Important limitations include the strong dependence of magnetic field generation on the ratio of conduction to convection (Pe), initial convective mantle depth, and phase evolution kinetics. Frequent model assumptions of well-mixed layers or instant latent heat removal may overestimate the convective efficiency, especially in stellar or planetary contexts where Ohmic diffusive timescales and solid-phase conductivity arrest further field amplification or transport (Castro-Tapia et al., 3 Jun 2024).

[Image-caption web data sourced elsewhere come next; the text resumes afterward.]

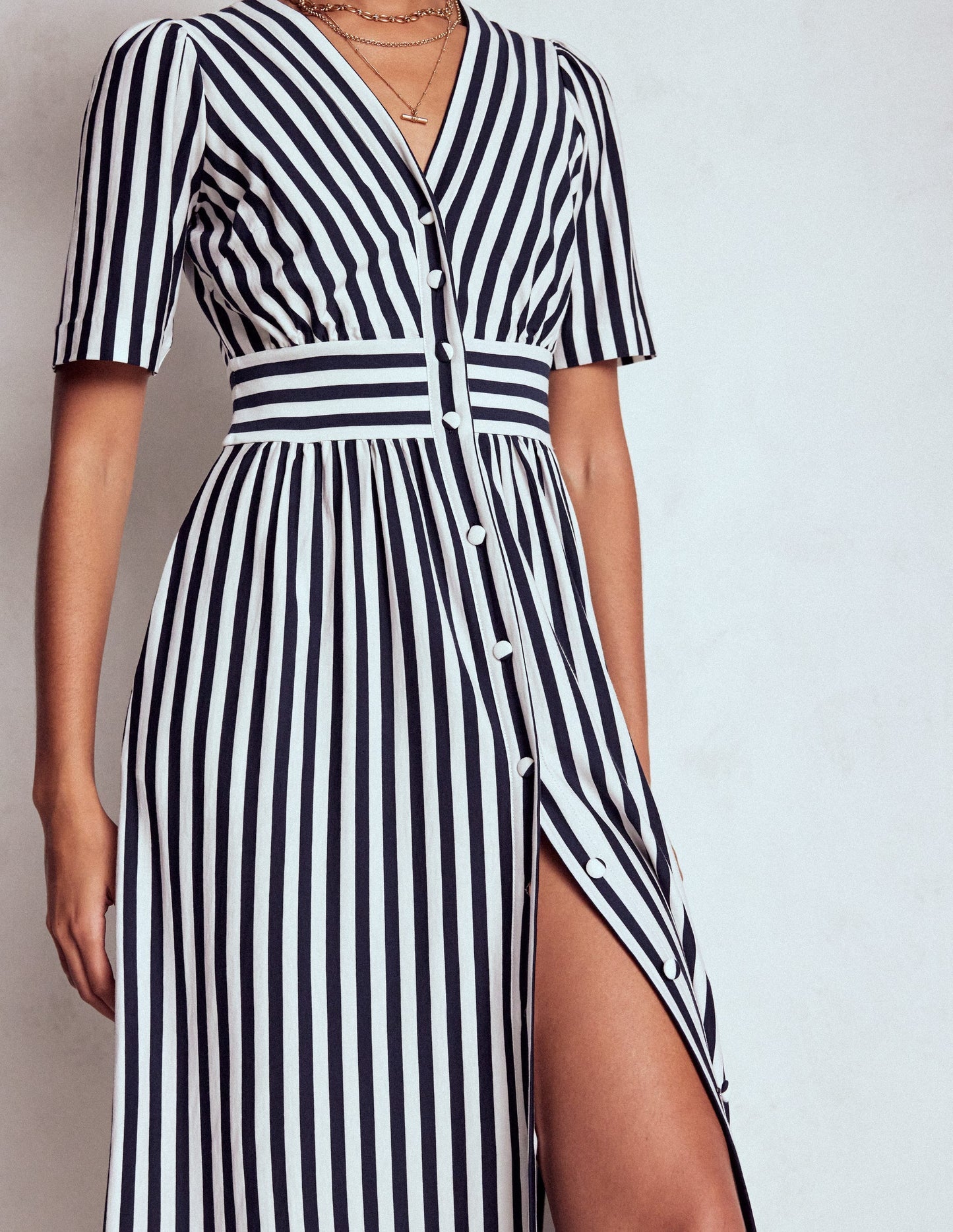 Boden Natalia Jersey Tea Dress - French Navy, Ivory Stripe
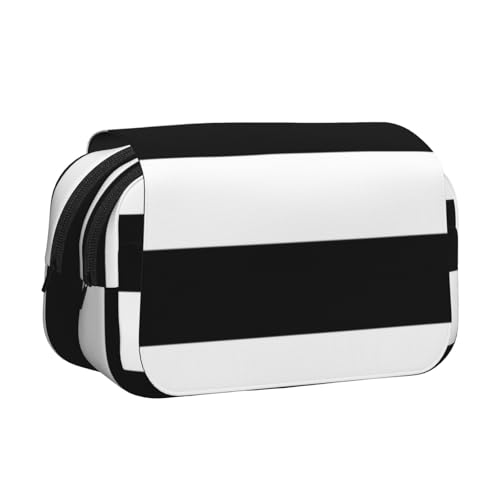 YFSGDLBN Federmäppchen, gestreift, Schwarz / Weiß, doppeltes Klappetui von YFSGDLBN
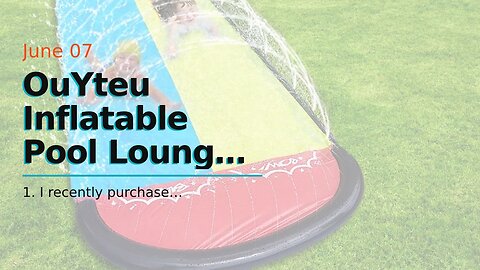 OuYteu Inflatable Pool Lounger Float - Pool Float Stable Relaxing Water Hammock Floatie Removab...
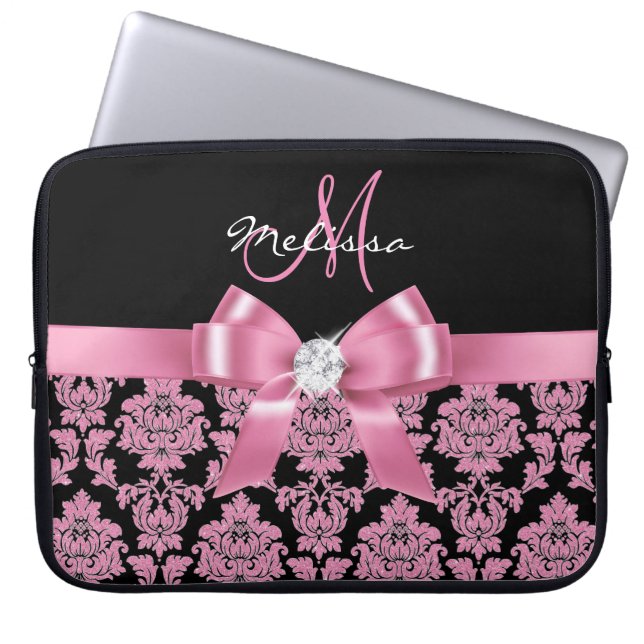 Elegant, Pink glitter Black Damask, Bow, Monogram Laptop Sleeve (Front)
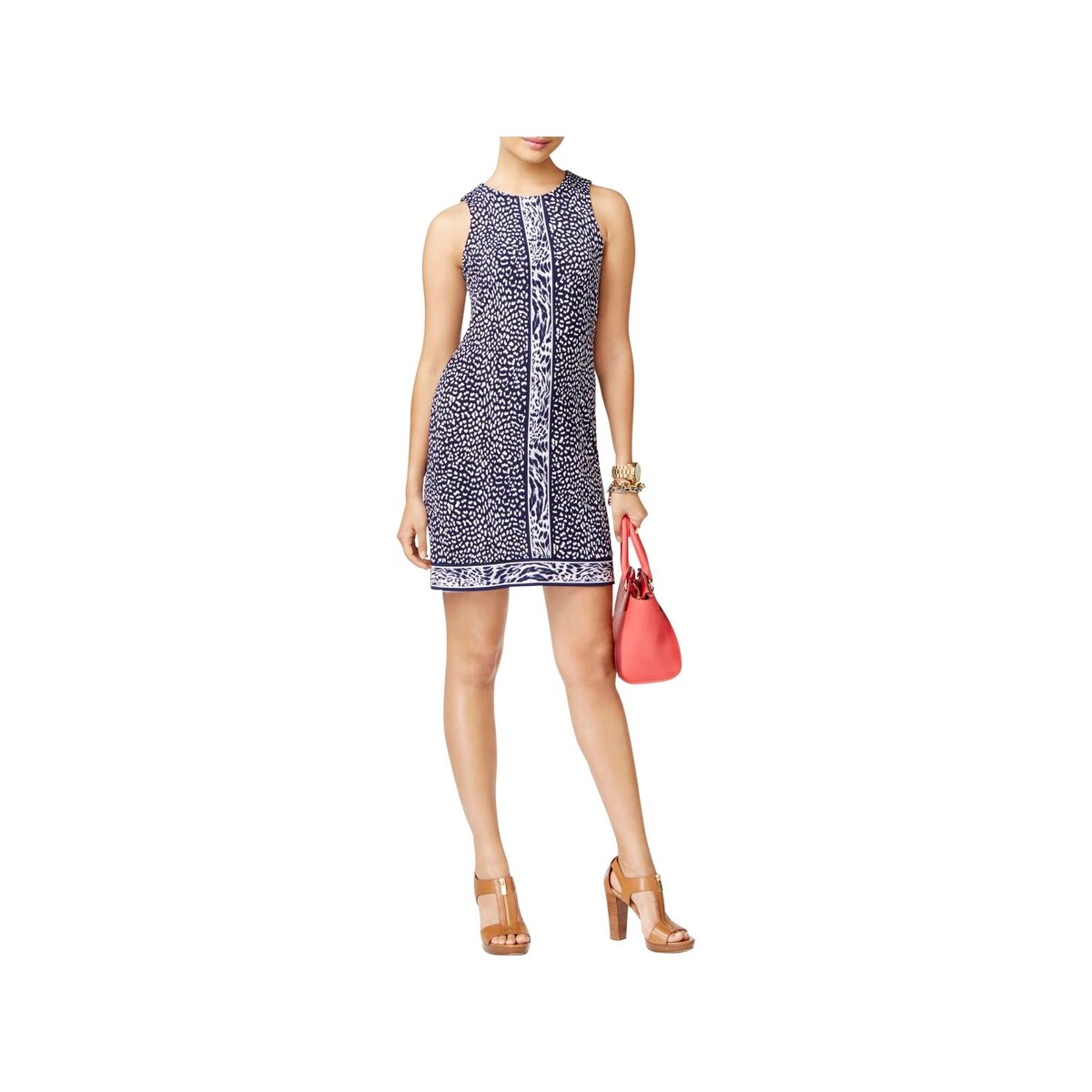 Shop Michael Michael Kors Womens Casual Dress Contrast Trim Summer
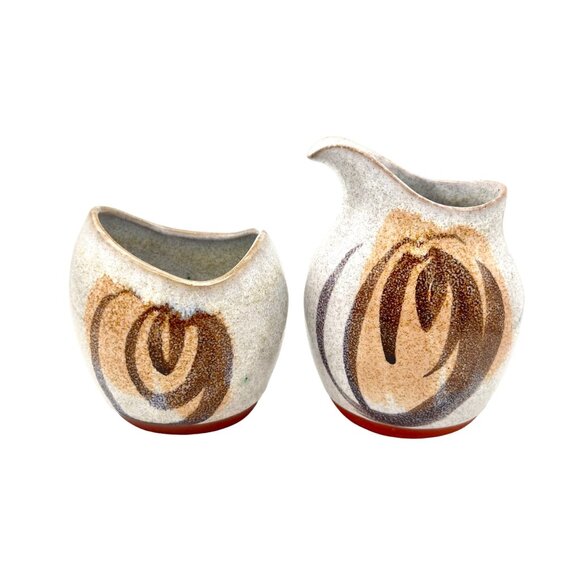 Hand Painted Ceramic Creamer & Sugar Set with Abstract Design MCM Design - Picture 2 of 7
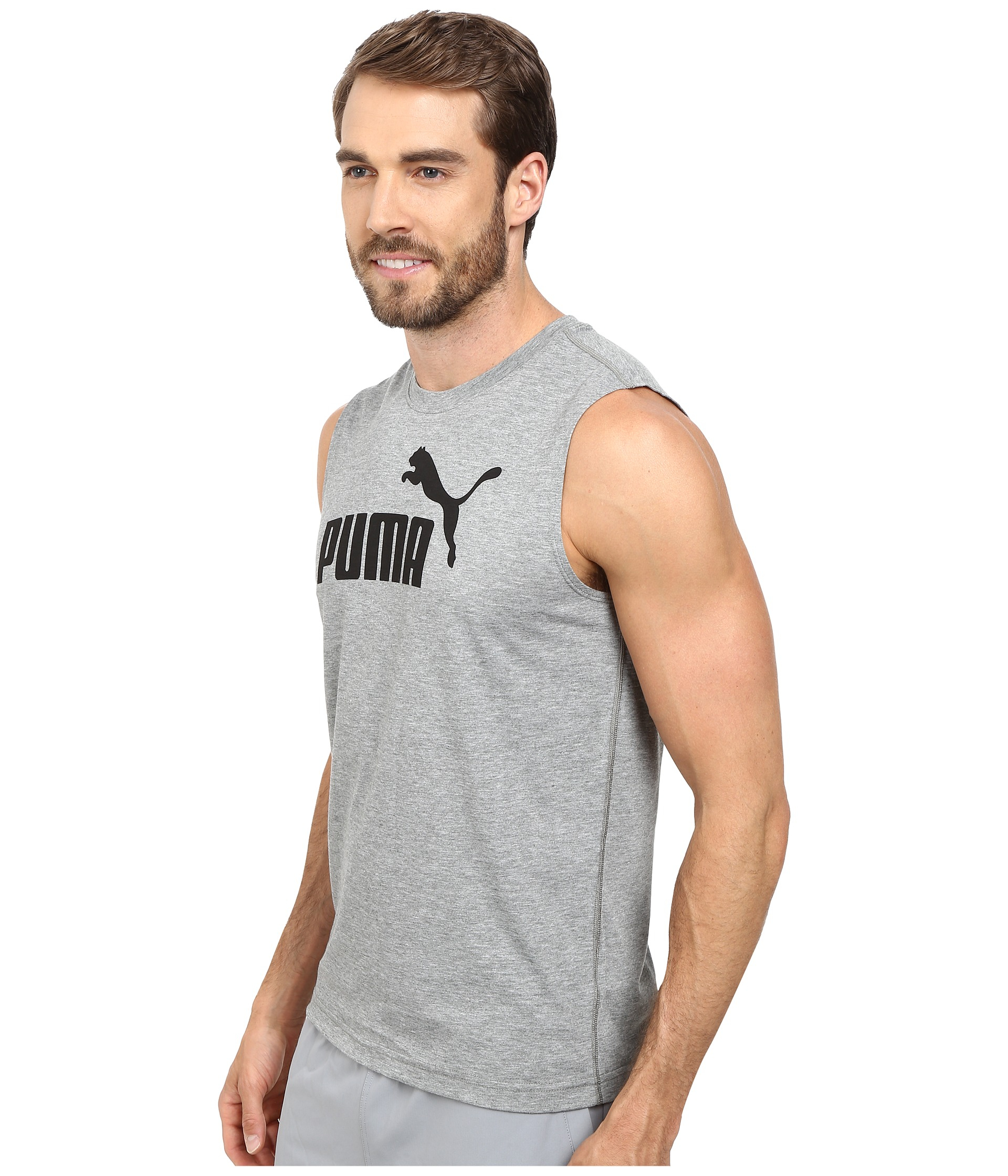 Puma Essential No. 1 Logo Sleeveless Tee in Gray for Men | Lyst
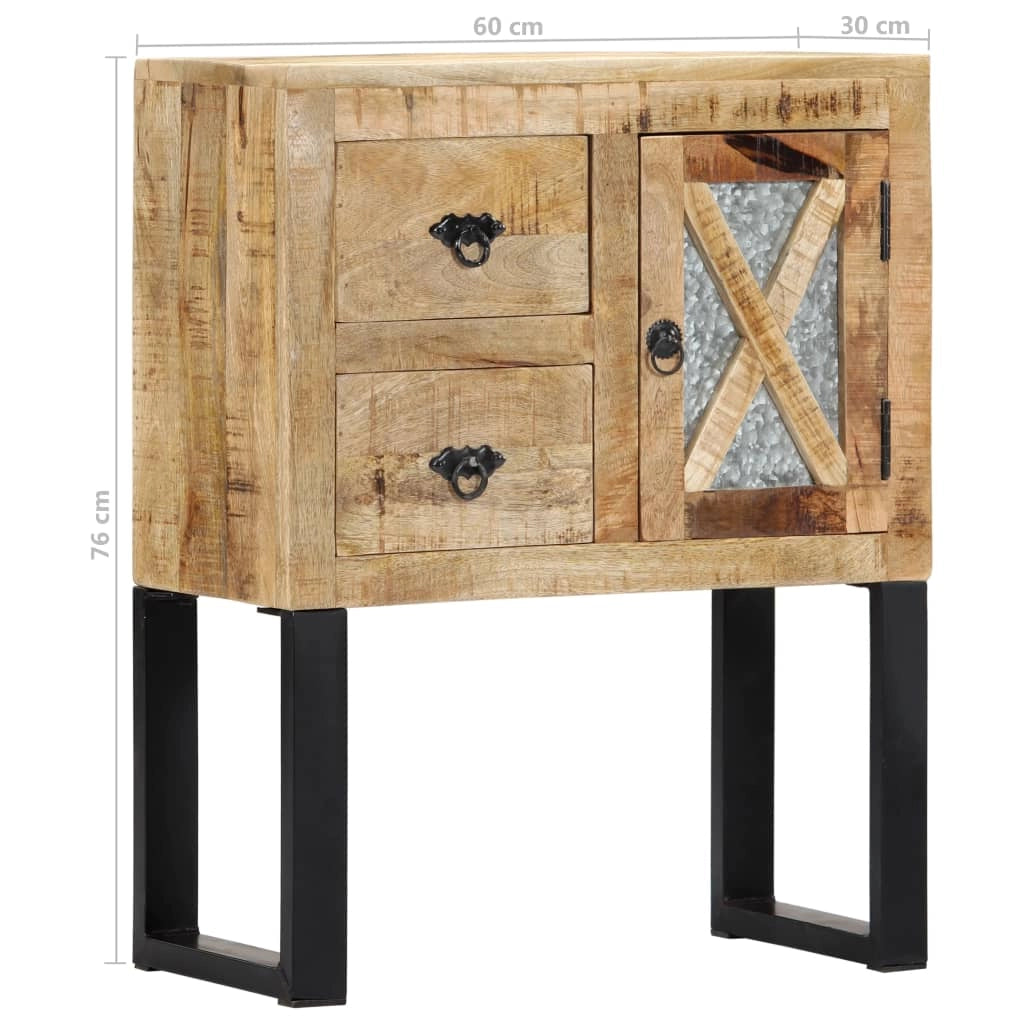 Buffet credenza cassettiera armadio mobile contenitore organizer per cucina soggiorno salotto 60 x 30 x 76 cm legno massello di mango marrone 02_0029603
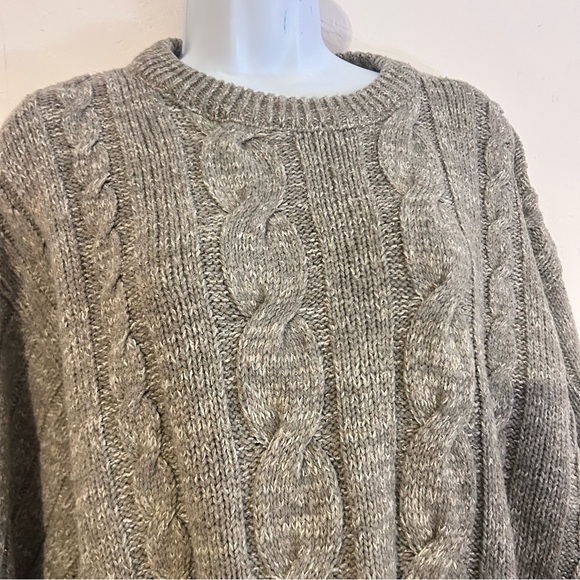 BRUMMELL Wool Taupe Cable Kit Fisherman’s Sweater Unisex Women XL Men L - Picture 4 of 8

7. Outlook and Open Problems

While key scaling relations and theoretical frameworks are now established, uncertainties remain regarding:

  • The transition kinetics between efficient (overturning) and slow (thermohaline) convection in evolving interiors.
  • Feedback among phase separation, nonlinear convection, and magnetic field growth or diffusion, particularly in multidimensional or turbulent regimes.
  • The determination of initial compositional profiles and their influence on the timing and morphology of convective-magnetic breakout events in stellar remnants.
  • Nanoconfinement and surface effects on nucleation, latent heat redistribution, and convective flows in meso- and nanoscale droplets.

Ongoing work integrates multiphysics numerical modeling, microfluidic experimentation, and astrophysical observation to refine understanding of crystallization-induced convection across scales. The phenomenon remains a paradigmatic example of the coupling of phase transitions and fluid dynamics with ramifications in planetary science, astrophysics, and advanced material fabrication.